The Oxford Farmers’ Market Uptown encompasses two markets: one on Tuesday afternoons and one on Saturday mornings. I have been deeply involved in the creation of both markets, having been a part of the original groups that created them and also serving as a board member for two years. I have been selling at both markets since their inceptions, and in that time I have built up a very nice customer base that allows me to make my living solely from farming.
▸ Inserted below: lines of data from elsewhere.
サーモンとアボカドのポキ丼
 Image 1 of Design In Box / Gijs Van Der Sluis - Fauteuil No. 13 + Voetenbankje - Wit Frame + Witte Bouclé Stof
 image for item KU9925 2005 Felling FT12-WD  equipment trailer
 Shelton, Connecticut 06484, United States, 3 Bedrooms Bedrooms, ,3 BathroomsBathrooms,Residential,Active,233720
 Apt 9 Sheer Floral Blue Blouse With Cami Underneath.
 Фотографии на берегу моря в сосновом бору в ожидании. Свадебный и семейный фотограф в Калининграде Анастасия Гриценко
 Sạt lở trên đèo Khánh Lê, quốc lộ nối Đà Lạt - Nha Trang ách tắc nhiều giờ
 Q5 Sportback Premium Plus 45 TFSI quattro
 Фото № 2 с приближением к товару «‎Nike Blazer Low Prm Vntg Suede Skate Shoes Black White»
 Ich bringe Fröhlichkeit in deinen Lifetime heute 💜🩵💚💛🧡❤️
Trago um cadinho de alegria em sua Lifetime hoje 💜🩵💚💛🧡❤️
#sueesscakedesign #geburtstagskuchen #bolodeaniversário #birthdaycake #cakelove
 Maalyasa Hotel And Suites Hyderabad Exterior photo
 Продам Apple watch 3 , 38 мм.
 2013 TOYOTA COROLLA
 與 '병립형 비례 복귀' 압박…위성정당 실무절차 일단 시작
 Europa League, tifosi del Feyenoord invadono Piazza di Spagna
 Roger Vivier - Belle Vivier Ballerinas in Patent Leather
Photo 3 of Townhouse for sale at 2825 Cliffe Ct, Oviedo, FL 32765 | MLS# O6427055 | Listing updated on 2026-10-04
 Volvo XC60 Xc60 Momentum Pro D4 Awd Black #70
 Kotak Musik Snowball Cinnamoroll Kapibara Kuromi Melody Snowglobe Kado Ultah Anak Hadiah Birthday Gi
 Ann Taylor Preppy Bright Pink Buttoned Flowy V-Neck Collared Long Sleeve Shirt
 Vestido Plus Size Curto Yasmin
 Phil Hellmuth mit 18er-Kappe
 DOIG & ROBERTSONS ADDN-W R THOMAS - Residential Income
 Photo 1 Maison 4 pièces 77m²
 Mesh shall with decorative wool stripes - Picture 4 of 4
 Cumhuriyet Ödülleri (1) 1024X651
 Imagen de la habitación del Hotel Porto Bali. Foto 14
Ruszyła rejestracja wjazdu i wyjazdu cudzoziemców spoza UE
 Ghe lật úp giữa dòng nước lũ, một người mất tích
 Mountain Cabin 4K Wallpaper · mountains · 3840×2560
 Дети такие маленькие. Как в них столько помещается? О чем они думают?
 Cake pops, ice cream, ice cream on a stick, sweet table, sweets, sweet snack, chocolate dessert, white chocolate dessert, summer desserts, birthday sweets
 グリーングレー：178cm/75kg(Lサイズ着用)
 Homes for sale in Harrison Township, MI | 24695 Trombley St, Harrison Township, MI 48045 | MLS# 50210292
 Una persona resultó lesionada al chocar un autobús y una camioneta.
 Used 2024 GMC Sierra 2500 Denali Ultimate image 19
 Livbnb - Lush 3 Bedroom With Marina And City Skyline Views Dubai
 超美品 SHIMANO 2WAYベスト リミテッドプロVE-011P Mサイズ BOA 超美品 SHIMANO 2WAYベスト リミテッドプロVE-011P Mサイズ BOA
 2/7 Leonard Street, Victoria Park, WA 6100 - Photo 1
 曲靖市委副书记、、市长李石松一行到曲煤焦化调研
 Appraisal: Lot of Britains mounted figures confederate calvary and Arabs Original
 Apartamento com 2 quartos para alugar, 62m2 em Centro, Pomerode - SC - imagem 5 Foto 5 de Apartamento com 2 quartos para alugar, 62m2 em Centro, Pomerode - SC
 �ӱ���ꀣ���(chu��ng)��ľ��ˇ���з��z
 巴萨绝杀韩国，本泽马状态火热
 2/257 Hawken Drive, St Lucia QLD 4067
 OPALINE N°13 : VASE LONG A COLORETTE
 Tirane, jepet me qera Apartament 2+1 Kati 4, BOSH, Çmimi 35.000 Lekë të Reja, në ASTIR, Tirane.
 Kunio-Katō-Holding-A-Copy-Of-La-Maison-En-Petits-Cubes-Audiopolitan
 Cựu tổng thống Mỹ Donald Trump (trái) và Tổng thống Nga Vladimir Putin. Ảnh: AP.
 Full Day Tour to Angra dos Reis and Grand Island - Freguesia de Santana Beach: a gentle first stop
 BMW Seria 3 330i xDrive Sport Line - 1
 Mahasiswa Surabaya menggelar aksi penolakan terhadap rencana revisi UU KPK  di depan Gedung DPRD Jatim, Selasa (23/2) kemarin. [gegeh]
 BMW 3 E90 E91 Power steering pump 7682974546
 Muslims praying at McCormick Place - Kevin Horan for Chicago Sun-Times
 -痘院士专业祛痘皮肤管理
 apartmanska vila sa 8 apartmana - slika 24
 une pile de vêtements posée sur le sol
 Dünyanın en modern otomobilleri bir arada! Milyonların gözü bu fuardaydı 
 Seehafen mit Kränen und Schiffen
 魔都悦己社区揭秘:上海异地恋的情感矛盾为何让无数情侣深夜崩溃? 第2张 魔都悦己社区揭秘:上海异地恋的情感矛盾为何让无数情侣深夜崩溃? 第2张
Farms tend to be remote, the work physically hard and the hours long, so going to the farmers’ markets is also how I get to see my friends and hear the local gossip.

LUCY GOODMAN


Chicago, Ill.

Green City Market in Lincoln Park, Chicago, has great organic vegetables and fruit from farms in the surrounding area whose owners pride themselves on sustainable farming. They have unusual vegetables, like purslane and black Tuscan cabbage; an enormous variety of tomatoes, onions, radishes and lettuce; and the best eggs I have ever eaten. I look forward to it every summer, even though my budget takes a hit. I only wish that those kinds of foods were available to more people.

CLARA COEN


Jackson, NJ

I suspect that when I die, heaven is going to look a lot like Dean & Deluca. But when I want a taste of paradise in the here and now, I take a trip to the Hong Kong Supermarket in Edison, New Jersey. An emporium of Asian foodstuffs, the Hong Kong Supermarket offers everything from lurid Japanese sweets to complex Thai sauces to delicate Chinese teas. Brought together under the rubric of a pan-Asian regional identity, the Hong Kong Supermarket, part of a national chain, could be critiqued as ignoring differences among nations that have singular and often antagonistic histories. Instead, I see it as demonstrating the complex interplay between the traditional and the postmodern that is the best of our food culture today. As I wander the aisles, blissfully filling my cart, I daydream about the other shoppers: What are they looking for when they come here? And what do they do with their treasures when they get home?

MARY RIZZO


Portland, Ore.

Hotlips Pizza has been my favorite Portland food institution since 1985, when they opened. The food is delicious, always super-fresh, and most of their ingredients come from local farms. They change their salads and pizzas as the seasons change and make the most unbelievable soda pop from local berries (flavors also change seasonally). The staff drive electric cars for delivery, and just seeing one of those cars with red lips on it lightens my mood.

VALERIE DAY


Norfolk, Va.

Vegan Action (www.vegan.org) is a nonprofit organization dedicated to helping animals, the environment and human health by educating the public about the benefits of a vegan lifestyle and encouraging the spread of vegan food options through a number of public outreach campaigns. A vegan ethic and lifestyle is an all-encompassing way to say yes to life and no to cruelty and killing. Vegan Action consciously tries to create a kinder, gentler world for all beings.